Sir Edward Youde  (; Cantonese: Yau Tak; 19 June 1924 – 5 December 1986) was a British administrator, diplomat, and Sinologist. He served as Governor of Hong Kong between 20 May 1982, and his death on 5 December 1986.

Early years
Youde was born in Penarth, South Wales, in the United Kingdom and from 1942 attended the University of London's School of Oriental and African Studies. He also served in the Royal Naval Reserve.

Career
In 1947, Youde joined the Foreign Office, where he would serve the rest of his life, and was swiftly posted to the British embassy in Nanking, then the capital of the Republic of China. In 1949, amidst the Chinese Civil War, HMS Amethyst came under attack by People's Liberation Army forces while sailing on the Yangtze River. The frigate was heavily damaged by artillery fire and became stranded in the Yangtze River. Using his skills in Mandarin, Youde negotiated with the PLA commander to ask for the release of the Amethyst. His negotiations came to naught, but bought enough time for the Amethyst to plan a successful escape to Hong Kong under the cover of darkness. Youde was appointed a Member of the Order of the British Empire (MBE) for his actions.
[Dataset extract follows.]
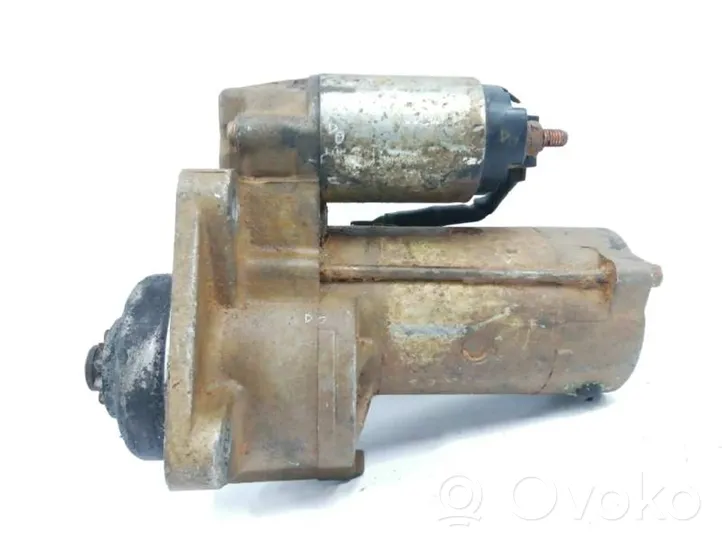 KIA Pregio Motorino d’avviamento MG122565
In 1950, following the Communists' victory in the civil war, Britain recognised the People's Republic of China, and the British embassy moved to Beijing. Youde went on to serve a total of four tours of Foreign Office duty in China, the last as ambassador, from 1974 to 1978.  He also served in Washington (1956 to 1959) and as a member of the British mission to the United Nations (1965 to 1969).

Youde was knighted in 1977.

Hong Kong governorship
Youde is especially remembered for his tenure as the Hong Kong Governor and his role in negotiating the Sino-British Joint Declaration, which was signed in Beijing in 1984. This, among other things, made it clear the British would leave Hong Kong in 1997 after 156 years of colonial rule.
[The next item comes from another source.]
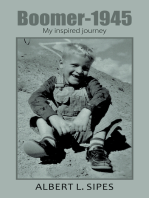 Boomer-1945: My Inspired Journey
Hong Kong's only Welsh Governor was widely liked for his kindly demeanour and greatly admired for his formidable erudition. In an editorial following his death, the Chinese-language Ming Pao newspaper compared him to Zhuge Liang, a chancellor of the state of Shu Han during the Three Kingdoms period, who had 'pledged to work diligently on state affairs until death'.
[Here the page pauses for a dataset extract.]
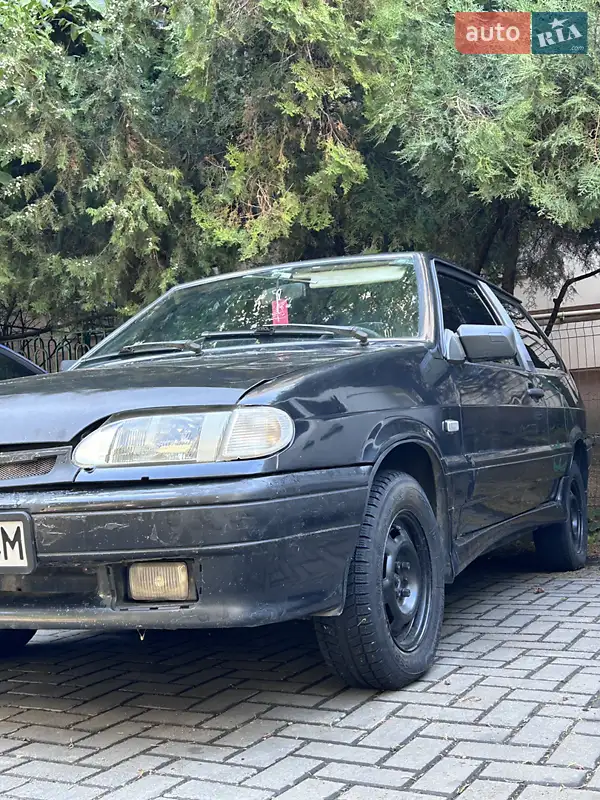 ВАЗ / Lada Samara 2009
The idea of setting up a secondary school to develop students' potential in sport and the visual arts together with a normal academic syllabus was first mooted by Youde. Based upon this idea, the Jockey Club Ti-I College was founded in 1989.

Death and state funeral
During a visit to Beijing, Youde suffered a fatal heart attack in the British Embassy in the early hours of 5 December 1986, while asleep. He was the only Governor of Hong Kong to die in office.

At his funeral - Hong Kong's first state funeral with full military honours - the streets were lined with people. The casket, draped in the Governor's Standard, was carried by ten guardsmen, and a 17-gun salute was fired from the shore station of . Youde was cremated, and his ashes buried at Canterbury Cathedral in England, where a memorial plaque to him was installed in the nave.

Remembrance and legacy
A fund, the Sir Edward Youde Memorial Fund, was created from public contributions upon the recommendation of the Legislative Council. The fund is now administered by the HKSAR Government and offers a number of scholarships and sponsorship schemes aimed at encouraging and promoting the education of and research by Hong Kong people. To be eligible for the Sir Edward Youde Memorial Fund, candidates must be proficient in English and Chinese and also have a good mastery of the language in which their studies will be undertaken.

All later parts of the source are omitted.